In the end, we can let our relationships with others come first at the expense of our relationship with God or we can let our relationship with God become the very reason for our being. The later choice can be a difficult one. While it is the way of Love in that our following God leads to our “loving our neighbor as ourselves”, it can also split families in two. As Jesus says, “Brother will betray brother to death, and a father his child, and children will rise against parents and have them put to death; and you will be hated by all because of my name.”

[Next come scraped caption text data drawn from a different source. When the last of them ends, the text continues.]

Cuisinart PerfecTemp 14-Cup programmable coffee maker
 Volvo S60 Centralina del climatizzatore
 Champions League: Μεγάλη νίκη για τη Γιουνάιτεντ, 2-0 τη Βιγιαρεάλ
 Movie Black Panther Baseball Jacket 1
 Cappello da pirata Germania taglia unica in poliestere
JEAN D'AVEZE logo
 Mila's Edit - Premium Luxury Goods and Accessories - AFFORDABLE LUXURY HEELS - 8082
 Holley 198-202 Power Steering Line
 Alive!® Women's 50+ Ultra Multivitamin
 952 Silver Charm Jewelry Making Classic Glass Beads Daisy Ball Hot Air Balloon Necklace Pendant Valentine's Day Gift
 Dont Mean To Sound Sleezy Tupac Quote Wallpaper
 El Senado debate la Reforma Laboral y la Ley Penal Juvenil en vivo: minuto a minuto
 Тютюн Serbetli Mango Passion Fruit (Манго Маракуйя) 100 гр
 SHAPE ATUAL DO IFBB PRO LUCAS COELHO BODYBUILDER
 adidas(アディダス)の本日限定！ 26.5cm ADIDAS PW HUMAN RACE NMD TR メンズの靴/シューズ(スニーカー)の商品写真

It can be hard, if not impossible to understand one another. Some may ask ‘why would you choose God if it means sacrificing your relationship with your family?’ Others will realize that the only path worth taking is the one that leads directly to God, even if it is at the cost of everything else.

Paul, whose conversion we remember today, embodies this. Though he began as a persecutor of the church, just like the wolves Jesus  in the Gospel appointed for today, he would give all that up to follow the Lord. Paul was willing to move beyond his relationship with his fellow persecutors, his own people even, to chase after Christ Jesus.

Paul’s approach may seem crazy to some. We will, in fact, hear Paul speak to this on Sunday. Yet those of us who know the true power of a relationship with God, and even those of us who have felt the loss of God and return to Him, know that nothing else is worth more than this relationship, even if others cannot understand us or even persecute us for that connection we have with our Lord.